I am incredibly happy, grateful and relieved for this sight of mine, so often threatened, since my junior year in college. That was when I was forewarned I’d be totally blind in six months. But I wasn’t for a long, long time. Yet one never knew.

The hereditary eye disease I have, keratoconus, frequently shows up around college age, placing all who have it on the track of a lifelong roller coaster ride; frequently interrupted hopes and dreams, projects incomplete. Through one’s thirties, the disease is prone to speed up development. By forty it may stop progressing entirely. That is how it was for me. Still keratoconus can be tricky.

Nonetheless, without conscious note, I am still inclined to take the sight I have for granted. I forget, temporarily, that I have given much of my time and energy over the past three months (October – January) to fighting for this eyesight of mine.

I am ready to rush into this day and the New Year ahead with great hopes and dreams, now that the holidays are almost past. I want to plan my next steps and the ones after that, as if 
I’ve had only a mild cold. No big deal. But it was a big deal; this fighting for my eyesight, once again, these past three months. With the situation righted, for now, I ask myself, how does one balance blindness potential. After all, it may or may not occur?

I am fine today, right? So, what is the proper perspective here -- for realities and practicalities -- for hopes and dreams?

I want to “get over it,” rush on to the next thing and the next. Instinctively, I want to put the ordeal and the threat it carried aside. That’s the pattern I followed throughout my twenties and early thirties. At that point, four cornea transplants, almost back to back, slowed me down, big time; four cornea transplants that, in my mind, brought only dark clouds to “rain on my parade.” As for a perspective that being blind, or not, can make a marked difference in one’s life, I was determined to ignore that!

Had I paused, as the situation necessitated, there might have been only one transplant, not four. But that is all water over the dam; lessons to be learned from past mistakes.

Now, as I reflect on those days past and what I’ve learned, sharing more and more of the tale that is “Hot Pants, Motorcycles and K Street,” it is almost certain that you, the reader, as well as me. the writer, will “see,” loud and clear, that my “Ms. Success by day, suicidal by night life” was, in part, profusely fueled by the denial I was living. That blindness was imminent, at any moment, had to be ignored. I believed survival demanded this of me. I would not pause! I had a life to live. And, a BIG one at that!

Anyway you cut it, keratoconus is one Hell of a burden for a twenty something! And, as for most of us, my life, at that point, had many other complications.

But dead center into these crises, I believed I had to grab it all, right then and there, lest life and opportunities pass me by. Today I know this view to be a core element of “urgency addiction;” the hurry up mentality that infects our society.

Washington ran on it, then, and still does now.  Denial and urgency run together on the D.C. fast track, minimizing the significance of an individual’s healthiest needs, human priorities horribly skewed.
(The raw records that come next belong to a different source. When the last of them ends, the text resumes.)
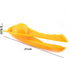 Lemon Squeezer Liquid Portable Multi-Functional Lemon Squeezer Manual Orange Citrus Juicer Home Lemon Clip Squeeze Juice Mini Orange Press Juice Kitchen Tools Manual Fruit Juicer Mini Blender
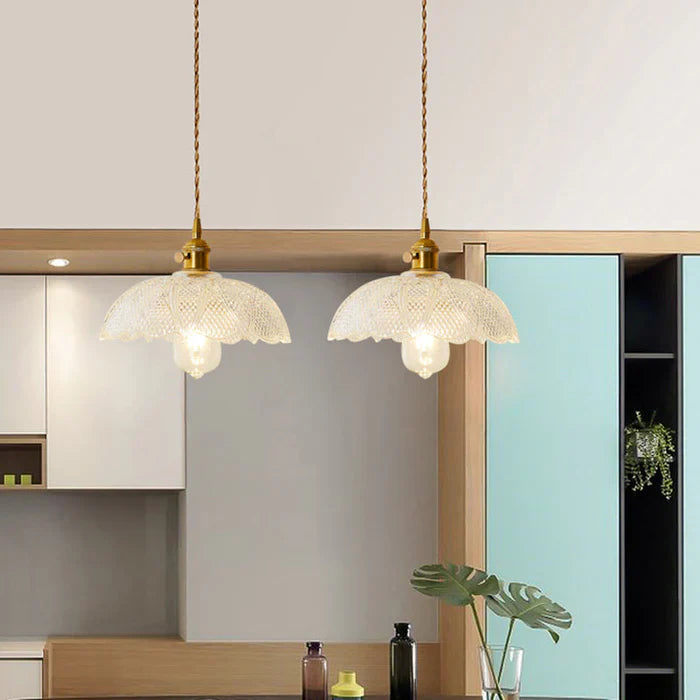 Glass Pendant Lamp - OpulentGlow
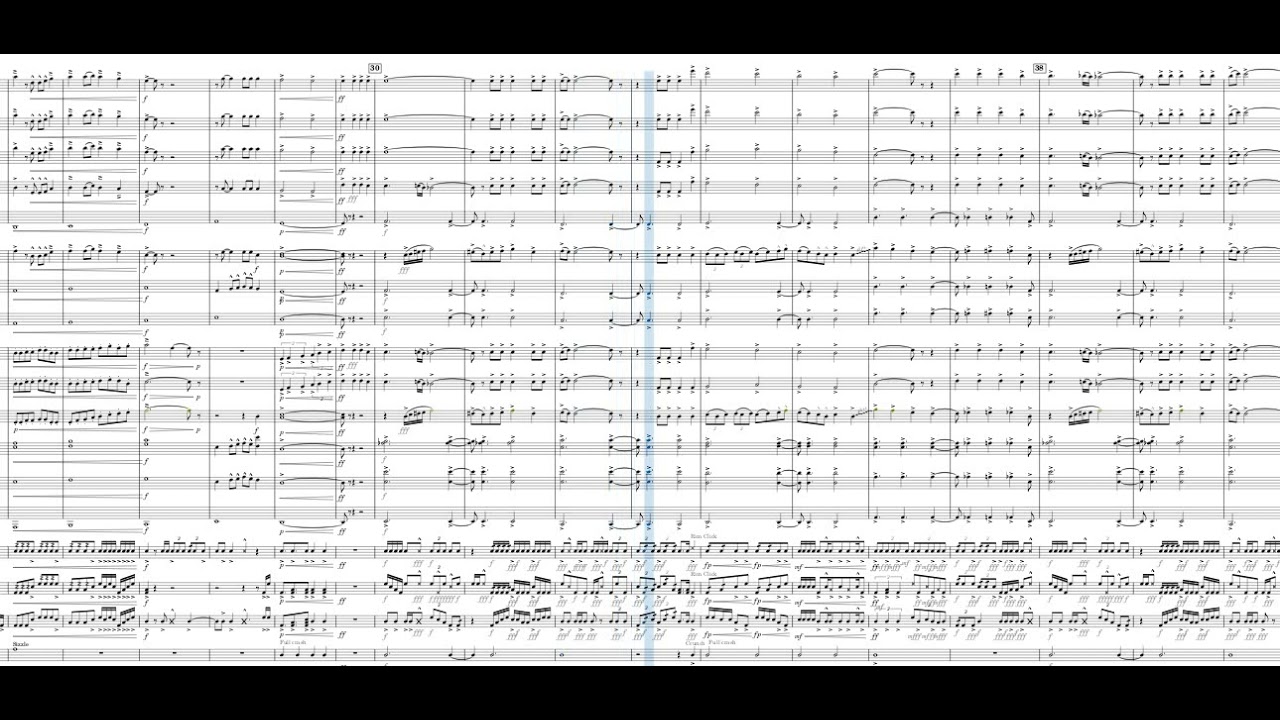 Legends Never Die, Arr. for Marching Band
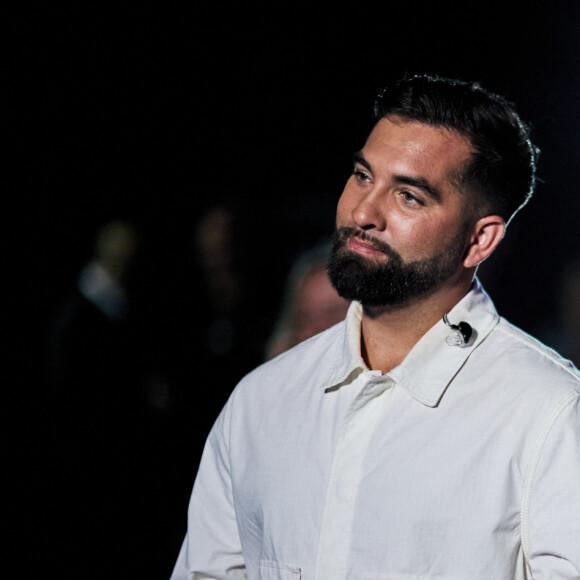 Exclusif - Kendji Girac - Backstage - Enregistrement de l'émission "Avec Florent, tout le monde ELA" à La Seine Musicale à Paris, diffusée le 1er septembre à 21h10 sur TF1 © Cyril Moreau-Dominique Jacovides / Bestimage 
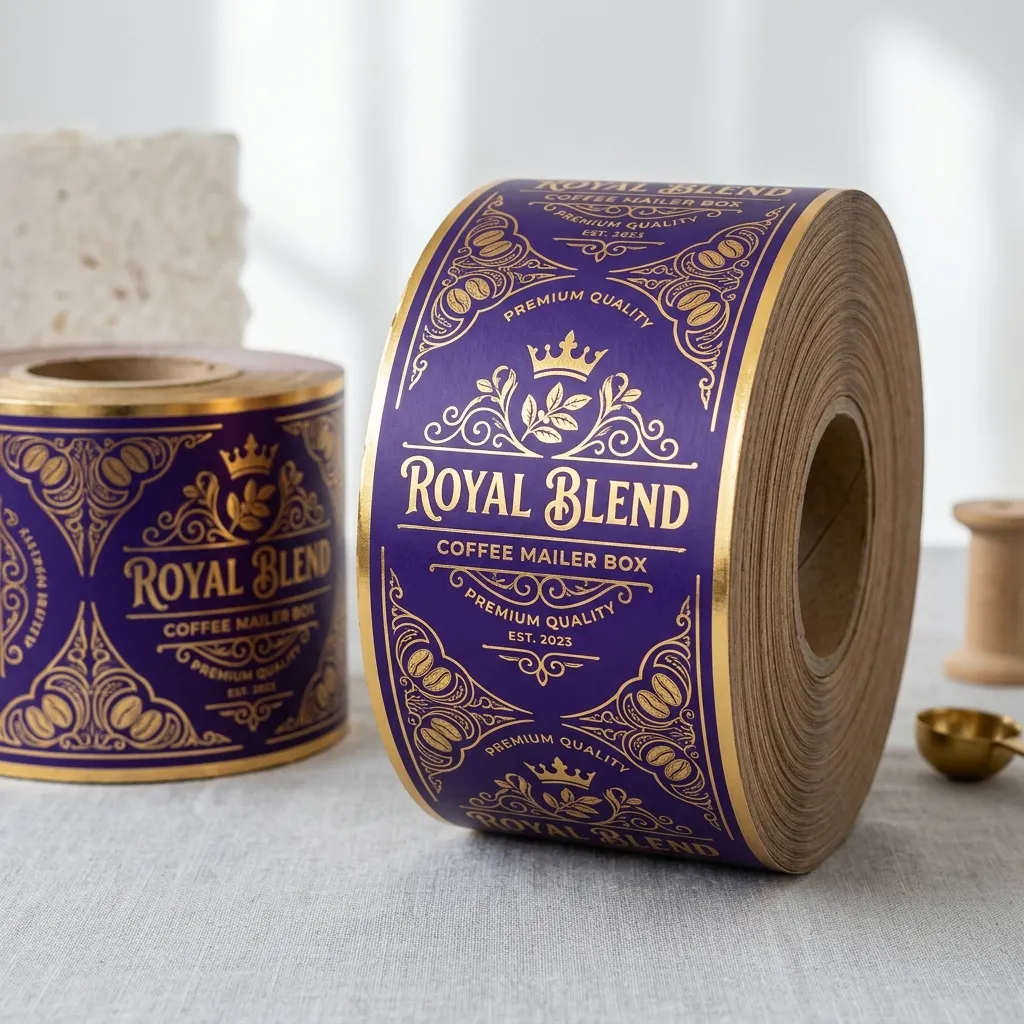 Envase de Rollo de Café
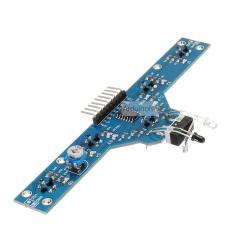 Infrared Line tracking 5ch 7 Sensor for Smart Car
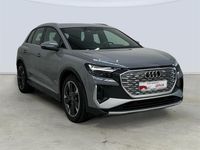 Nuevo Audi Q4 e-tron 210 kW (286 CV) 2025 Gris balasto SUV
Blindness can take many forms.

Here, on the D.C. fast track upon which our nation’s politics roll, not seeing the essence of genuine human, baseline needs is the currency of day-to-day life.

This is a way devoid of the trees, fresh air, sunrise and sunset. In today’s world, as then, very few of the senses are touched on the Washington fast track scene by the sacredness of life such as the woodpeckers and cardinals, visiting my bird feeder, bring.

Over time, I learned to balance my priorities, then chose to live a quiet, country life, visiting the D.C. hub, only when necessary. Other former D.C. “fast trackers” also live nearby. I/we wouldn’t trade this life for a million dollars or more.

Now, there is no more “suicidal by night” for me.

I sleep really well. With balance and without urgency to drive me, I am still looking for hopes and dreams to be realized.